Le ciel s’éclairait doucement à l’Est et un frais silence nous tenait
compagnie. De nombreuses fois déjà j’avais effectué ce parcours au petit matin,
mais jamais je n’avais réussi à assister à un véritable lever de soleil du haut
du vieux volcan. Soit c’était trop tard, soit le ciel n’était pas de la partie.

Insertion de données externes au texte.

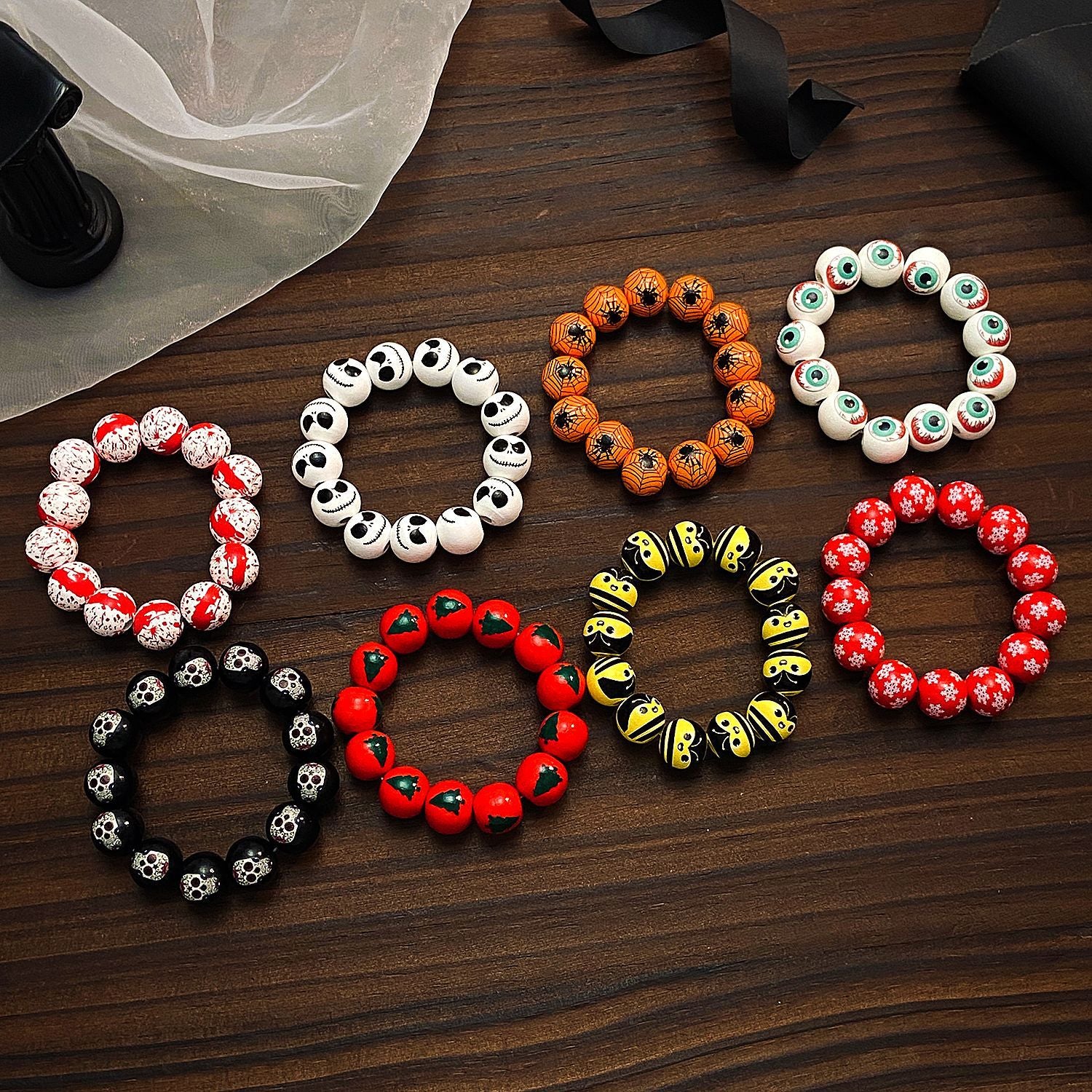 Wholesale Wood Beaded Bracelet with Pumpkin and  Print  Festival Jewelry Accessory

A l’intersection des sentiers conduisant vers mon but je décidai de prendre le
plus direct mais aussi le plus pentu : droit devant. Je pressai un peu le
pas car j’apercevais à travers les branchages sur ma droite, un disque rouge
monter doucement dans le ciel. J’eus vite le souffle court, tandis que le
chien, malgré ses soixante-dix ans me défiait à son tour, trente mètres devant
moi, n’oubliant pas mes moqueries du petit matin. Au premier point de vue, je
fis une pause, me réjouissant devant cet avant goût de contemplation qui
m’attendait quelques dizaines de mètres plus haut. Cependant, je restai
prudemment à l’écoute de mon corps, pensant que par les temps qui courent, vaut
mieux être à l’écoute de soi-même qu’à l’écoute des infos. Et je me suis remis
en route. Au sommet, un petit vent frais me fit relever mon col, et je restai
muet devant le spectacle. A l’Est, s’élevant derrière les collines, le disque
avait viré à l’orange, et commençait à dissiper les brumes de la plaine de
Limagne que l’on apercevait très loin, bien blottie entre notre relief et les
monts du Forez encore noyés dans un léger voile de brume bleue. A mes pieds, le
village, toujours plongé dans l’ombre des collines, s’éveillait timidement. Sur
ma gauche les près du plateau libéraient une brume grise et mouvante qui
semblait se glisser d’un champ à l’autre selon son exposition au soleil. Le
disque devint blanc, d’une blancheur aveuglante qui commençait à siniser sur
les premières maisons entourant le bourg. Et doucement, comme une vague
inquiétante, la lumière glissa vers le centre. Cela pris de longues minutes.
Plus sur la gauche un voile de brume s’éleva au-dessus des habitations et resta
suspendu, formant un arc de cercle sur les chaumières endormies, comme maintenu
par des fils invisibles venant du ciel. Je jetai un œil vers cette vague
éclatante déferlant vers le centre du bourg, puis je regardais la situation de
l’église. Je regardai l’heure, 7h moins 5 minutes. Je m’interrogeai sur cette
coïncidence ou non de cette situation. Et croyez moi ou pas, mais quand sonna
l’Angélus, la lumière a atteint l’église, éclairant du même coup la plus grande
partie du village. Je tournai le dos, repus d’images et de pensées et amorçai
notre descente. Pyrus qui s’impatientait depuis un moment repris sa course sur
le sentier, le museau collé au sol. Nous avons entendu un craquement de
branches en contre-bas, sans rien apercevoir. Un peu plus loin, je vis le chien
partir dans une course folle, ayant aperçu sans doute un animal qui m’était
caché. Puis nous avons entendu un brame caractéristique dans le fond de la
forêt. J’eus bien du mal à calmer la boule de poil, décidément encore bien
fringuant pour son âge. Nous n’avons pas entendu le chien fou aboyer en passant
devant chez lui. Sans doute assommé par une porte de garage trop solide. La vie
reprenait dans le village. J'avais oublié mon appareil photo.